Aggressive risk-takers pursue “high risk, high gain” business opportunities, with a hope of striking a gold vein and being showered in riches. Some made it, but unfortunately, many fall deep into financial troubles – that almost always includes personal finances.

Why? Because aggressive risk-takers are going all out, including sacrificing their personal finances – in short, they put everything at stake. That is not really entrepreneurship – that’s more like gambling with “winners take all” principle.

In my opinion, when you are single responsible to nobody but yourself, you could take the all-out approach. However, if you have a family to support and/or are the primary bread winner of your family, going all-out is probably the biggest business mistake of all.

A story of a friend

I have a friend who works in a family business. His father, still running the small business, is a great risk taker.

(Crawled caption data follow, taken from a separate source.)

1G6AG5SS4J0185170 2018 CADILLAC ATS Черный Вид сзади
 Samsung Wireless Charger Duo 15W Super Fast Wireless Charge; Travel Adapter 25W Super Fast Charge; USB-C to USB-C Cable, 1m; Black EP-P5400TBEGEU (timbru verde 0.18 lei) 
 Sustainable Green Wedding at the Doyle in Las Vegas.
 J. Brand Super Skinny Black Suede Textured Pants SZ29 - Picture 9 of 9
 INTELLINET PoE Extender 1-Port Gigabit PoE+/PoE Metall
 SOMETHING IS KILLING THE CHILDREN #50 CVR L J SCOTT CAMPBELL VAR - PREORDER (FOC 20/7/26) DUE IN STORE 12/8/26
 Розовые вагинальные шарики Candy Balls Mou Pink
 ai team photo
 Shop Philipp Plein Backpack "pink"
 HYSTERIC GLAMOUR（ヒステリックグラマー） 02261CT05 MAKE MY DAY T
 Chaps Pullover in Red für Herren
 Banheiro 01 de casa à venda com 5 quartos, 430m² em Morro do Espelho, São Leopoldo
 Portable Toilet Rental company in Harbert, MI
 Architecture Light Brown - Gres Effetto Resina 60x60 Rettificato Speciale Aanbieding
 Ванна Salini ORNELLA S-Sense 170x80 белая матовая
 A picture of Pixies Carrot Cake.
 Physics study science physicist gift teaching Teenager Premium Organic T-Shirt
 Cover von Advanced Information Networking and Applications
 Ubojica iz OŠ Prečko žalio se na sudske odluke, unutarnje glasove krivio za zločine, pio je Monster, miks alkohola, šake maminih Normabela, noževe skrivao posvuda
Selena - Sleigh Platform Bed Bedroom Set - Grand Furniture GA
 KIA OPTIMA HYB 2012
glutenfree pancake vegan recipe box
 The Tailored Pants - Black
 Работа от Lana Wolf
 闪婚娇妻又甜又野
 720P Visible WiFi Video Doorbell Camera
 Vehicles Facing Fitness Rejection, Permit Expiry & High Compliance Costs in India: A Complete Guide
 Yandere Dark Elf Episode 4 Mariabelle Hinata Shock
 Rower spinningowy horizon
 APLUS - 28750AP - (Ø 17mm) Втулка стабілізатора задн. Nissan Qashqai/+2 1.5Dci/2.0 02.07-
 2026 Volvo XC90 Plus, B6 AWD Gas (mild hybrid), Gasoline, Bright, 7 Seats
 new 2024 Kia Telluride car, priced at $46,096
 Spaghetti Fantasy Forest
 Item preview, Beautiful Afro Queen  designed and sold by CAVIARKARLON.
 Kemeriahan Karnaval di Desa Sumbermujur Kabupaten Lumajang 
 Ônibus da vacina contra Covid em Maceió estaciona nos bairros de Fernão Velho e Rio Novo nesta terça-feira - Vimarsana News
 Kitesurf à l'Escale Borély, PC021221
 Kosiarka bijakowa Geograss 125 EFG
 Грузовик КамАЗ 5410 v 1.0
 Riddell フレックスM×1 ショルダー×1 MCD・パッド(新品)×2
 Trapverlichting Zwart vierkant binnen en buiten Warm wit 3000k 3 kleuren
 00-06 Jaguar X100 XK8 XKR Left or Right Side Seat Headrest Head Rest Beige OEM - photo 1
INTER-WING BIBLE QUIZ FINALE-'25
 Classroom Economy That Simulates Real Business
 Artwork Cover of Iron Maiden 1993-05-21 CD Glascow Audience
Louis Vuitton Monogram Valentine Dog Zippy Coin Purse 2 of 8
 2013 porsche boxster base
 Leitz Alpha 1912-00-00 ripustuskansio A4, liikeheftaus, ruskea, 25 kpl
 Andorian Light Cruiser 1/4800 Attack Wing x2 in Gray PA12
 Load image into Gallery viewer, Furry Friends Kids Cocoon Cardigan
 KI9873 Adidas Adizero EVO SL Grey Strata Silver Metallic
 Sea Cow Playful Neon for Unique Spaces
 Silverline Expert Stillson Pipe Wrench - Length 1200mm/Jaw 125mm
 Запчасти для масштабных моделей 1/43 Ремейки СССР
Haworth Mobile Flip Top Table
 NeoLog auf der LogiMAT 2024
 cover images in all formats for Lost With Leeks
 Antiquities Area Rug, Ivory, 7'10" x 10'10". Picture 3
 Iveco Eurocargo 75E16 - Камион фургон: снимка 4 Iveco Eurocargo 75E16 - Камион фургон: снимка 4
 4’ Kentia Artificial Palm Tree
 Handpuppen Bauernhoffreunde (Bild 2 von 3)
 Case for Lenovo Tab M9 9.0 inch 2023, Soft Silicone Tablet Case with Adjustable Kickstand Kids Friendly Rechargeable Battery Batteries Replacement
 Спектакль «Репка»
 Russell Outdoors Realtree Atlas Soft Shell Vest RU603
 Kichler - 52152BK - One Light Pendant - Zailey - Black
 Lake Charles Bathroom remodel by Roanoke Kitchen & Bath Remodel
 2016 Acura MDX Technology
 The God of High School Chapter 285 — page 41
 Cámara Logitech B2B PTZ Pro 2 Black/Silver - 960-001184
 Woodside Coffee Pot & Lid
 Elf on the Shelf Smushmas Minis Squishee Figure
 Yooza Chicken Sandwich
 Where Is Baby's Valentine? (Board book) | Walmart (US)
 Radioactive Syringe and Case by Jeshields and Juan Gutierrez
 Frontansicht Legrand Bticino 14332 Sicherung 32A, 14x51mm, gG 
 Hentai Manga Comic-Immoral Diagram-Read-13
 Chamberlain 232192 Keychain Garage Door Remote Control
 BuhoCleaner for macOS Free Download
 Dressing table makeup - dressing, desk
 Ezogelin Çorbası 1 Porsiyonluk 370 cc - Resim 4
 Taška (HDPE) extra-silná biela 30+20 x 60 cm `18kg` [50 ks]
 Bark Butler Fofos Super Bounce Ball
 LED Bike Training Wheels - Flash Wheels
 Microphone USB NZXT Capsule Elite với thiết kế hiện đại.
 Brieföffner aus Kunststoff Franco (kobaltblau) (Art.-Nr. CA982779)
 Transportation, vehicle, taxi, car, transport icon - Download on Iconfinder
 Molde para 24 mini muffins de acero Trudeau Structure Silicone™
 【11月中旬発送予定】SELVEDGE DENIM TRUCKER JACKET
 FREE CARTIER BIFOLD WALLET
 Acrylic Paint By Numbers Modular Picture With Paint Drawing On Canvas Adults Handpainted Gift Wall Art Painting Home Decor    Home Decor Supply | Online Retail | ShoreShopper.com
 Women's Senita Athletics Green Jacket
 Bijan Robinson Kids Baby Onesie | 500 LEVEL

He has won big in the past, but he has also lose a couple of deals, including getting scammed by a partner in a half-million dollars deal – something that cause his family to go through deep financial problems.

Still recovering from the loss, my friend and his father are working on a deal worth that much. The catch: My friend – who also runs his own business – has to support his parents because all of his parents’ money is staked on the deal.

That is not a success story – yet – as the deal is in progress.

But here’s a think to ponder: What if the deal went off? This is not about seeing a glass half empty; this is about securing your personal finance while taking on business opportunities – because sometimes, you need to choose between pursuing a high-risk-high-gain business opportunities or ensuring your family welfare.

What I recommend

Maybe I am not a gutsy entrepreneur like my friend and his father, but I like my entrepreneurial journey to progress in a well-planned manner, especially financial-wise. I allocate my eggs into many “baskets” that include retained earnings to grow my business, investing (mainly in precious metals,) personal savings account, and some others. And yes, I don’t do stocks. By having multiple baskets, I spread risks to minimise damages when things go wrong.

Sure, surprises will happen on regular basis – that’s how entrepreneurship works, but I follow Rich Dad Poor Dad’s Robert Kiyosaki’s advice to manage my risk. I believe that taking steps not knowing what will happen as the consequences is risky.

I’m not an expert, so take this as a friendly suggestion, rather than a professional advice… I want every business decision I make to have a cushion or a safety net – just in case what I work on fails. I need to reassure that when I fail, I will be able to move on immediately, as I expect to fail a lot in order to achieve success (failure is my friend!)

I don’t know your financial situation right now, but I suggest you to strategise your plans with your hard-earned money. I don’t think going all-out is a good idea – it’s better to use other people’s money (bank loans, investor’s money, etc.) instead of staking ever penny you have in your business.

So – how about you? Are you a risk-taker who are willing to stake everything to achieve big success or a risk-taker who works on achieving your goal via strong risk management?